The invention has the beneficial effects that: the user portrait construction method based on the feature fusion of the improved LDA provided by the invention adopts data mining and machine learning to carry out user modeling, collects basic attribute data of users, records and analyzes behaviors and interest features of the users by utilizing a platform of the users, improves the integrity and accuracy of the user portrait, extracts features from different structural data of basic attributes, purchasing behavior data and interest preference data of crowds, constructs a new factor optimization probability theme model, can effectively extract the most relevant features of the product consumption crowds on the premise of obtaining certain touch, removes redundancy, and uses data mining and natural language processing technology to cross-fuse the interest preference features of behaviors to construct consumer crowd portraits, thereby improving the integrity and accuracy of the user portraits and providing a new idea for advertisement oriented crowds.

Drawings

In order to more clearly illustrate the technical solutions of the embodiments of the present invention, the drawings that are needed in the description of the embodiments will be briefly described below, it being obvious that the drawings in the following description are only some embodiments of the present invention, and that other drawings may be obtained according to these drawings without inventive effort for a person skilled in the art. Wherein:

FIG. 1 is a general flow chart of a user portrayal construction method based on feature fusion of improved LDA according to an embodiment of the present invention;

FIG. 2 is a block diagram of a user portrayal construction system based on feature fusion with improved LDA according to a second embodiment of the present invention;

FIG. 3 is a comparison chart of removing redundant effects in a user portrait construction method based on feature fusion of improved LDA according to a fourth embodiment of the present invention;

FIG. 4 is a graph showing user portrait accuracy contrast of a user portrait construction method based on feature fusion of improved LDA according to a fourth embodiment of the present invention.
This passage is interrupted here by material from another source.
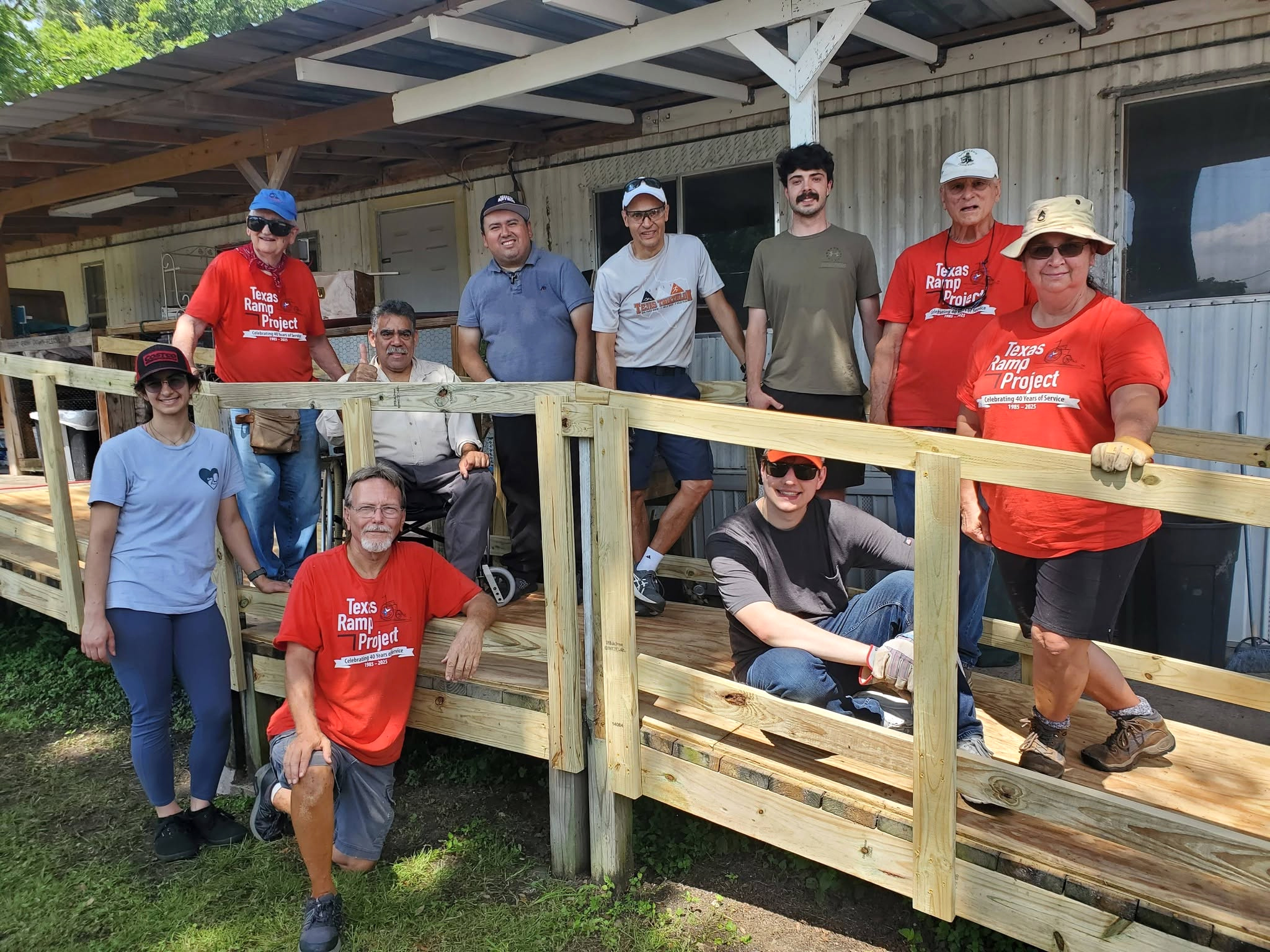 Texas Ramp Project volunteers and a wheelchair user gather on and beside a completed wooden ramp outside a home.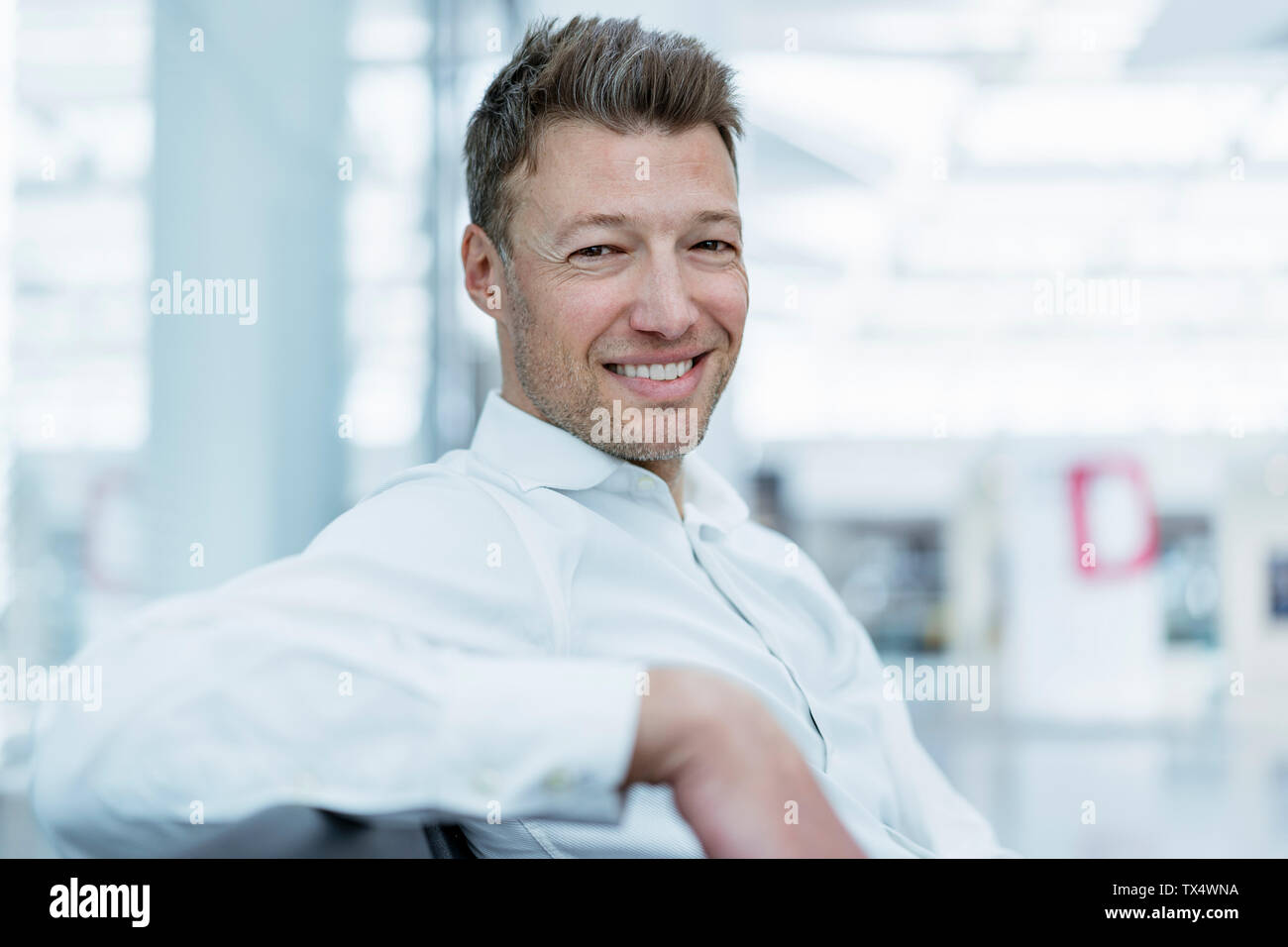 Portrait of smiling businessman sitting in waiting area Stock Photo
Description of the embodiments

So that the manner in which the above recited objects, features and advantages of the present invention can be understood in detail, a more particular description of the invention, briefly summarized above, may be had by reference to the embodiments, some of which are illustrated in the appended drawings. All other embodiments, which can be made by one of ordinary skill in the art based on the embodiments of the present invention without making any inventive effort, shall fall within the scope of the present invention.
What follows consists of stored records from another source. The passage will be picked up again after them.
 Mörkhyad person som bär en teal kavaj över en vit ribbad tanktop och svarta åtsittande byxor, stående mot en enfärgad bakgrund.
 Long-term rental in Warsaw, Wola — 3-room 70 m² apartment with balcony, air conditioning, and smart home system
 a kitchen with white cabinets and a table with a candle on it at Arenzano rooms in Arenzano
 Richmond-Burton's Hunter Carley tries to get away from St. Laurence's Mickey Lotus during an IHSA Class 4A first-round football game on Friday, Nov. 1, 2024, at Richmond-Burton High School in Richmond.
In the following description, numerous specific details are set forth in order to provide a thorough understanding of the present invention, but the present invention may be practiced in other ways other than those described herein, and persons skilled in the art will readily appreciate that the present invention is not limited to the specific embodiments disclosed below.

Further, reference herein to "one embodiment" or "an embodiment" means that a particular feature, structure, or characteristic can be included in at least one implementation of the invention. The appearances of the phrase "in one embodiment" in various places in the specification are not necessarily all referring to the same embodiment, nor are separate or alternative embodiments mutually exclusive of other embodiments.

While the embodiments of the present invention have been illustrated and described in detail in the drawings, the cross-sectional view of the device structure is not to scale in the general sense for ease of illustration, and the drawings are merely exemplary and should not be construed as limiting the scope of the invention. In addition, the three-dimensional dimensions of length, width and depth should be included in actual fabrication.

Also in the description of the present invention, it should be noted that the orientation or positional relationship indicated by the terms "upper, lower, inner and outer", etc. are based on the orientation or positional relationship shown in the drawings, are merely for convenience of describing the present invention and simplifying the description, and do not indicate or imply that the apparatus or elements referred to must have a specific orientation, be constructed and operated in a specific orientation, and thus should not be construed as limiting the present invention. Furthermore, the terms "first, second, or third" are used for descriptive purposes only and are not to be construed as indicating or implying relative importance.

The terms "mounted, connected, and coupled" should be construed broadly in this disclosure unless otherwise specifically indicated and defined, such as: can be fixed connection, detachable connection or integral connection; it may also be a mechanical connection, an electrical connection, or a direct connection, or may be indirectly connected through an intermediate medium, or may be a communication between two elements. The specific meaning of the above terms in the present invention will be understood in specific cases by those of ordinary skill in the art.

Example 1

Referring to fig. 1, for one embodiment of the present invention, there is provided a user portrait construction method based on feature fusion of improved LDA, including:

and acquiring related data of a historical consumer of a certain product on a consumption platform and performing preprocessing operation.

The construction of the basic attribute tag plays a role in constructing a user portrait, and the data is relatively easy to acquire although the identification effect on the nuances among users is poor, and the method has a better effect on distinguishing user groups under the condition that no other interactive information exists for a new user entering for the first time.

The method comprises the steps that firstly, base layer attribute information of platform users is grabbed, a large number of mainstream platforms at present need to fill specific information such as gender, region and age when the users register, the data are basic and easy to acquire, but because of complex network environments, users pay more and more attention to personal privacy, although the platform guides the users to use real identities, the users use false or fill in more simple information, and the data acquired by the portions need to be preprocessed.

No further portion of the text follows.